[Data for the task — start]
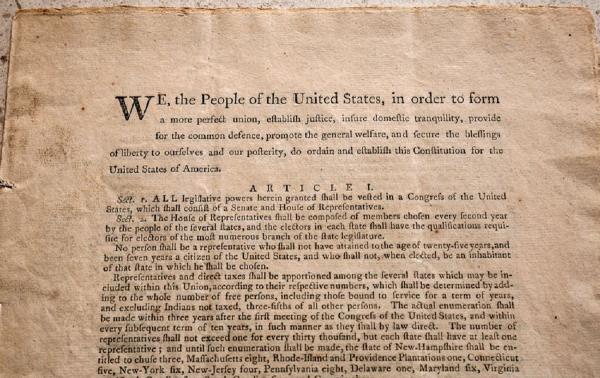 Salinan Konstitusi AS 2 Reu Salinan Konstitusi AS yang superlangka. (Foto: Reuters)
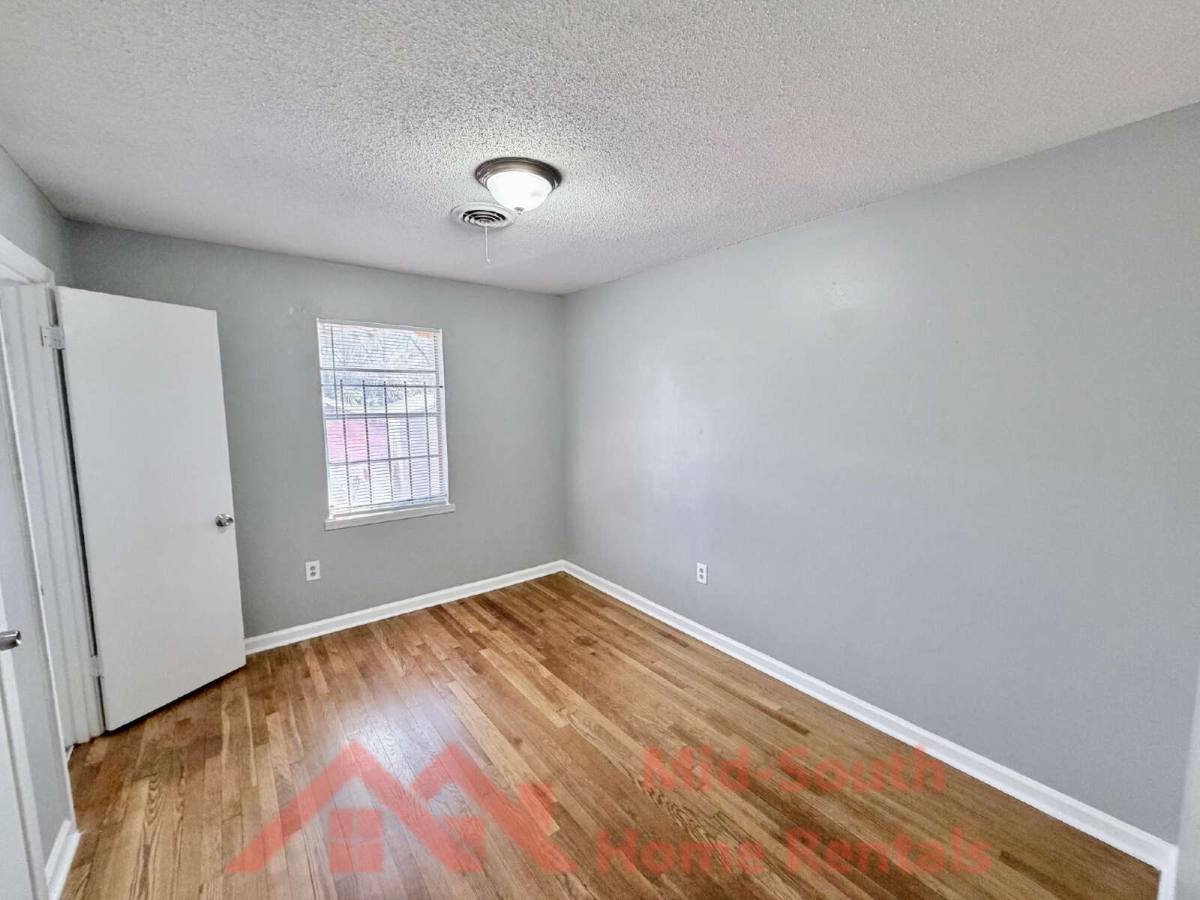 House for rent at 2054 Benford St, Memphis, TN 38109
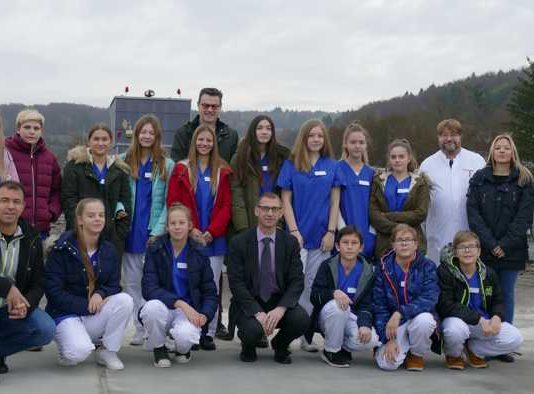 Auch die Neckar-Odenwald-Kliniken boten am 5. Dezember 2018 wieder Plätze für Jugendliche im Rahmen der Aktion „Mitmachen Ehrensache“ an. Das Foto entstand am Hubschrauberlandeplatz auf dem Dach des Standortes Mosbach. Quelle: Landratsamt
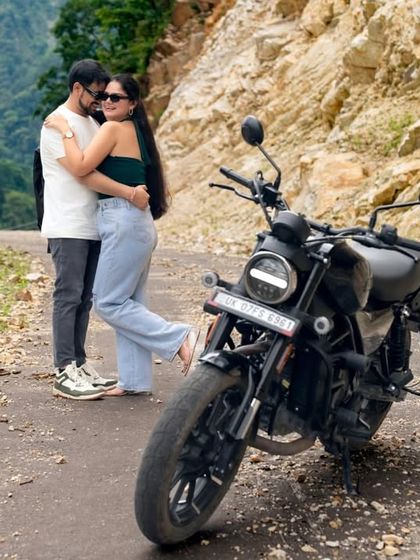 A sweet embrace on the side of a mountain road. This candid moment shows the love and connection between the couple amidst the rugged beauty of nature.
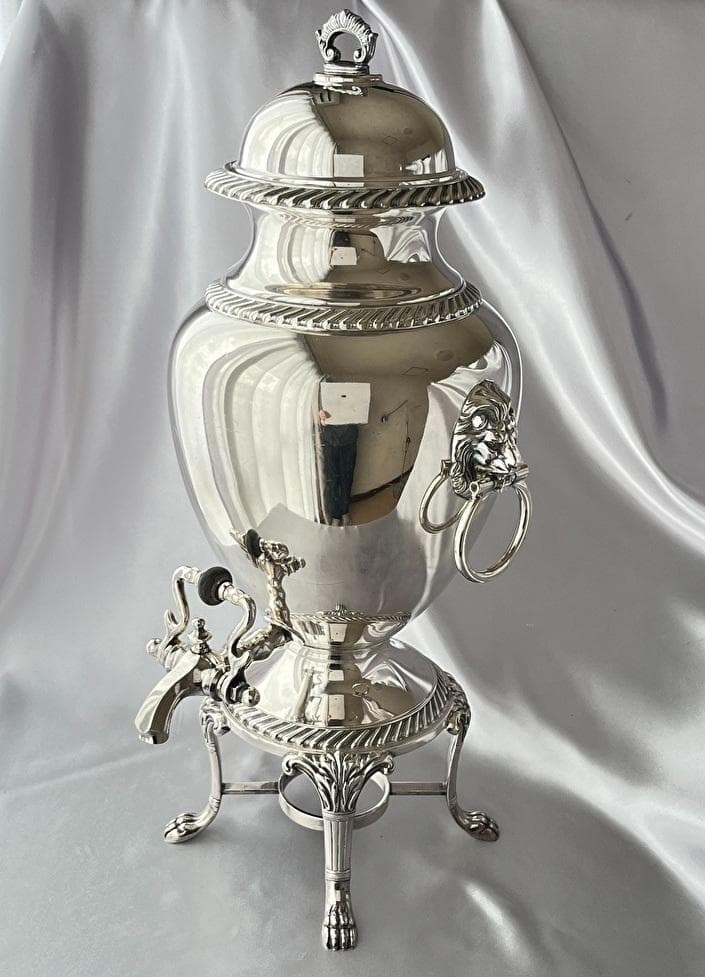 【International Silver 】ライオンのサモワール サーバー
[Data for the task — finish]
## Aim of the task
In your copy, exclude the pictures and repeat each entry above exactly.

## Solution for this task
 Salinan Konstitusi AS 2 Reu Salinan Konstitusi AS yang superlangka. (Foto: Reuters)
 House for rent at 2054 Benford St, Memphis, TN 38109
 Auch die Neckar-Odenwald-Kliniken boten am 5. Dezember 2018 wieder Plätze für Jugendliche im Rahmen der Aktion „Mitmachen Ehrensache“ an. Das Foto entstand am Hubschrauberlandeplatz auf dem Dach des Standortes Mosbach. Quelle: Landratsamt
 A sweet embrace on the side of a mountain road. This candid moment shows the love and connection between the couple amidst the rugged beauty of nature.
 【International Silver 】ライオンのサモワール サーバー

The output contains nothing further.